Short web captions
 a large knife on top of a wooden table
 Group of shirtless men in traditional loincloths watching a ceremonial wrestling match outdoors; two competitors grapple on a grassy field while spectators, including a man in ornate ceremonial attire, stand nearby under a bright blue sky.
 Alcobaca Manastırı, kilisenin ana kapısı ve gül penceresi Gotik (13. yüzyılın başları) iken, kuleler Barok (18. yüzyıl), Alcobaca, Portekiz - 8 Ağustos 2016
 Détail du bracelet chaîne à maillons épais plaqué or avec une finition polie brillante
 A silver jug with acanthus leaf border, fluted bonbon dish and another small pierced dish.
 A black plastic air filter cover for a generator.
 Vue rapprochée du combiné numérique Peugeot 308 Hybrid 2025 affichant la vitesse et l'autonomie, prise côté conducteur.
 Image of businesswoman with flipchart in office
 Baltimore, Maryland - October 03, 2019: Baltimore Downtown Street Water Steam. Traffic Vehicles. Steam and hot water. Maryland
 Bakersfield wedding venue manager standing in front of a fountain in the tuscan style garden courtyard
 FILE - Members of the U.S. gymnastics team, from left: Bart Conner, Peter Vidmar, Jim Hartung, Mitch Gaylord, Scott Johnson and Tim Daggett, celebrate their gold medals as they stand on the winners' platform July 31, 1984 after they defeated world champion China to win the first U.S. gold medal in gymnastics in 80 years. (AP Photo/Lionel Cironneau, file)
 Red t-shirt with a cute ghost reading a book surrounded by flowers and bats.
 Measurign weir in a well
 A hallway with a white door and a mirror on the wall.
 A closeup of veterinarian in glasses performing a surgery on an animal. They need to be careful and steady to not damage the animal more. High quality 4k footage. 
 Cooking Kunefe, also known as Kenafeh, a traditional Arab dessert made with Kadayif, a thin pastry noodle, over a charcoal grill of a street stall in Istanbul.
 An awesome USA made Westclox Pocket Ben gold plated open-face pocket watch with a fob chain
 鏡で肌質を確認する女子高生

TASK BRIEF
The line containing "An awesome USA" and every line after it, through the last one above, should be written out word for word.

WRITTEN ANSWER
 An awesome USA made Westclox Pocket Ben gold plated open-face pocket watch with a fob chain
 鏡で肌質を確認する女子高生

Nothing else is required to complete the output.